Records =
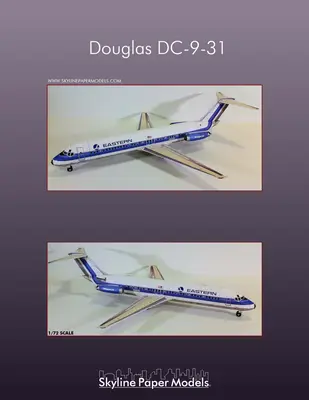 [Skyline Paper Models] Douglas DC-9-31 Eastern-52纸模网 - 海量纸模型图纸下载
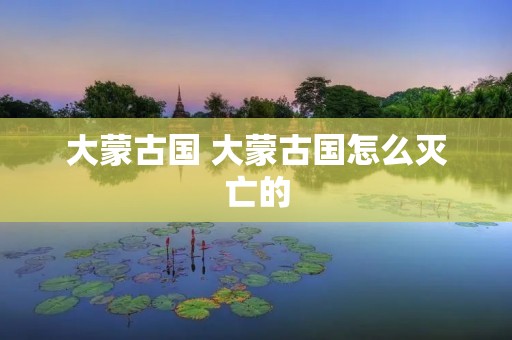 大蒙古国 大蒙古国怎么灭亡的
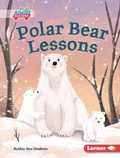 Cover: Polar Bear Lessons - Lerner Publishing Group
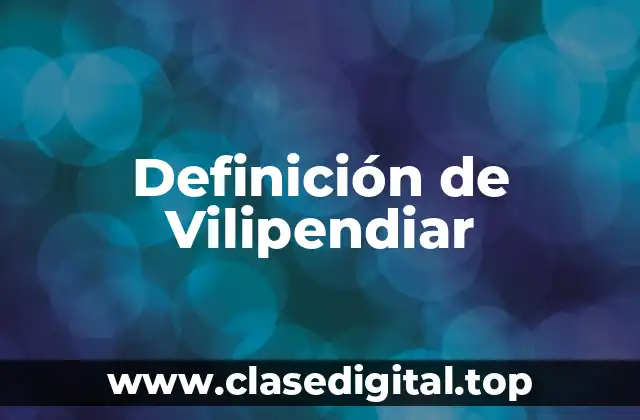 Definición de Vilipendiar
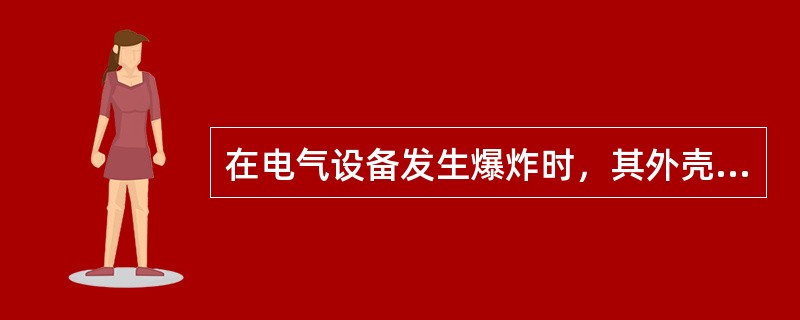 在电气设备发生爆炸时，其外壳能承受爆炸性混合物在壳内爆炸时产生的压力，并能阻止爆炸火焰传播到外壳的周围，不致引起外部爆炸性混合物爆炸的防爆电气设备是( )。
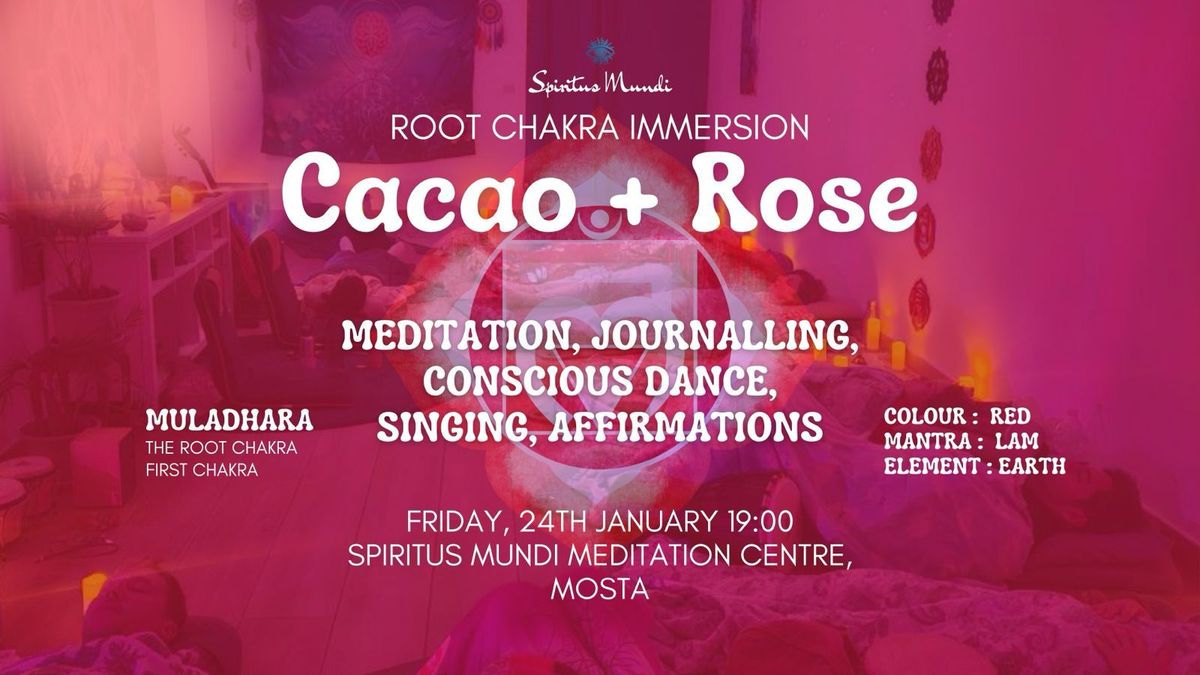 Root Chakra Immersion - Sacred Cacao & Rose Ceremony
---
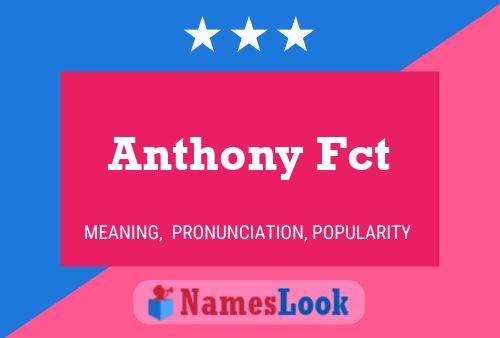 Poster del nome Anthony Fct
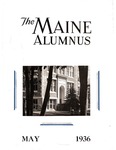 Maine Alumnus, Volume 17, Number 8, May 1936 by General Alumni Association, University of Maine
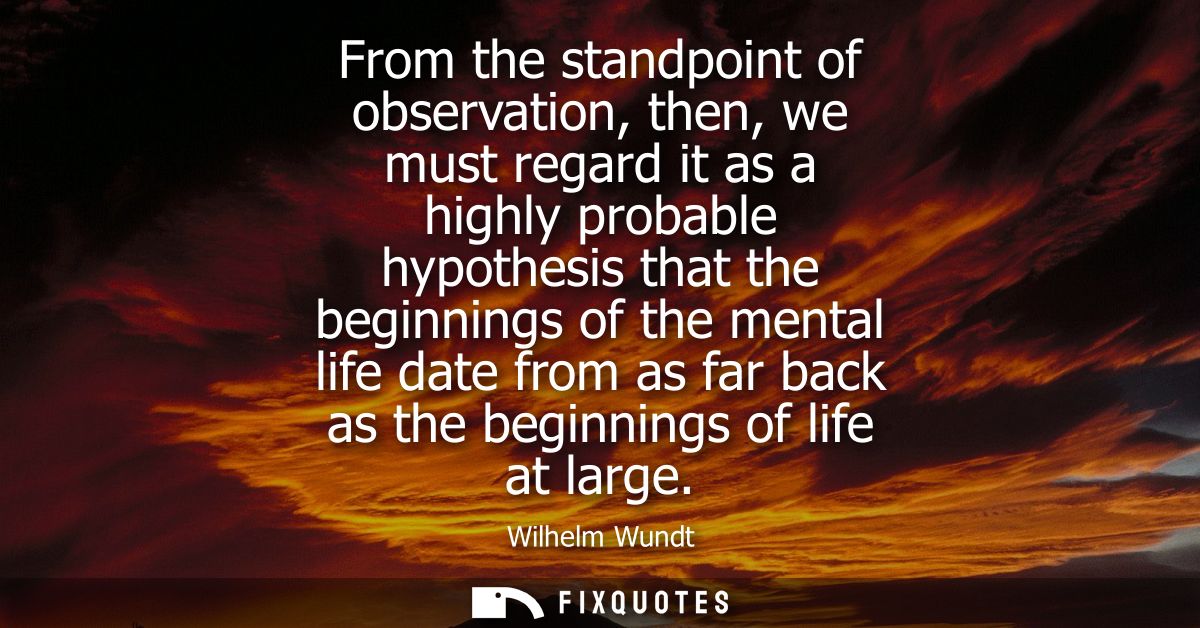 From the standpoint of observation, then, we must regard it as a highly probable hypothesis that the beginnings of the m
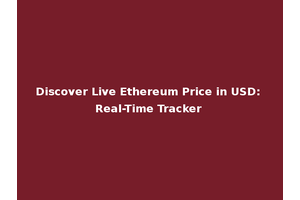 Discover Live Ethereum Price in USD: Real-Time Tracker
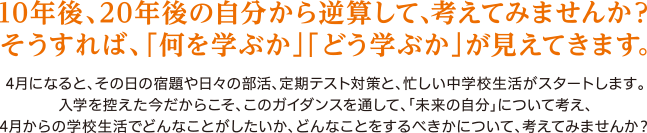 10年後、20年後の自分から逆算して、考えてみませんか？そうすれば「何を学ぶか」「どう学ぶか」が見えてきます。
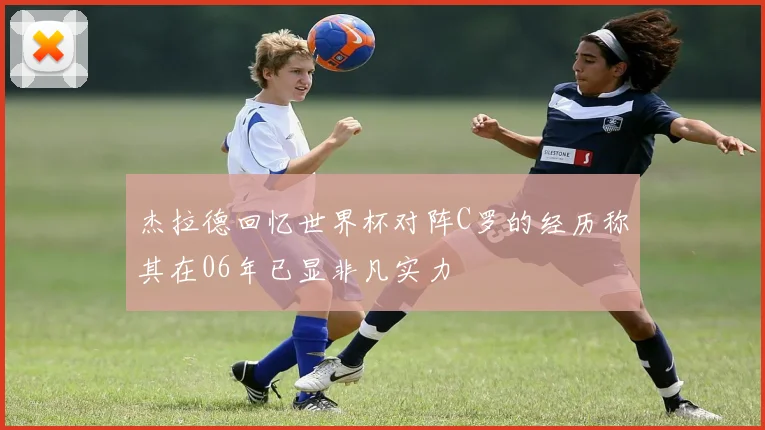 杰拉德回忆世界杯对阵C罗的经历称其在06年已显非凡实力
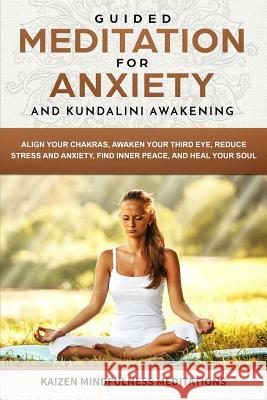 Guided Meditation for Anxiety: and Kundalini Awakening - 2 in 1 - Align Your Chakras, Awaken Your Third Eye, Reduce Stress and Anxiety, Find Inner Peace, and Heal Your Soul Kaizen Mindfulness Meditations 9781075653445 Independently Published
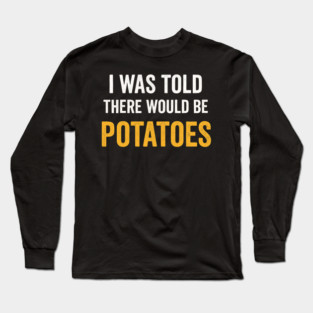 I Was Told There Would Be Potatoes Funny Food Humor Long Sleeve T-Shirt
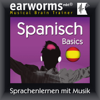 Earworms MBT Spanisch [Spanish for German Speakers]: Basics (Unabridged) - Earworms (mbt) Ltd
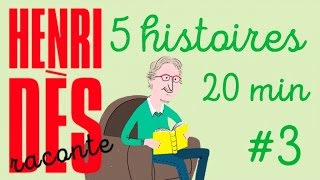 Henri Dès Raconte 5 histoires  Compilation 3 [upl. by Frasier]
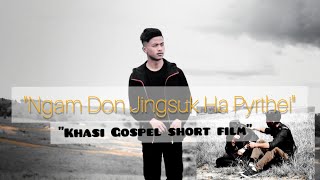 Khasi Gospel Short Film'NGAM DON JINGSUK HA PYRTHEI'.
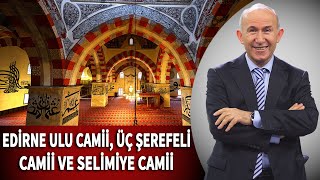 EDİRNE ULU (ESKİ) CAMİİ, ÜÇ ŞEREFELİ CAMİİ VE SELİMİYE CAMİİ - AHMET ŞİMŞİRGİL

Requirement = Look above for the line containing "Cover: Polar Bear", then copy exactly from it through the line containing "Root Chakra Immersion", keeping both and leaving out pictures. Add nothing else.

Answer =
 Cover: Polar Bear Lessons - Lerner Publishing Group
 Definición de Vilipendiar
 在电气设备发生爆炸时，其外壳能承受爆炸性混合物在壳内爆炸时产生的压力，并能阻止爆炸火焰传播到外壳的周围，不致引起外部爆炸性混合物爆炸的防爆电气设备是( )。
 Root Chakra Immersion - Sacred Cacao & Rose Ceremony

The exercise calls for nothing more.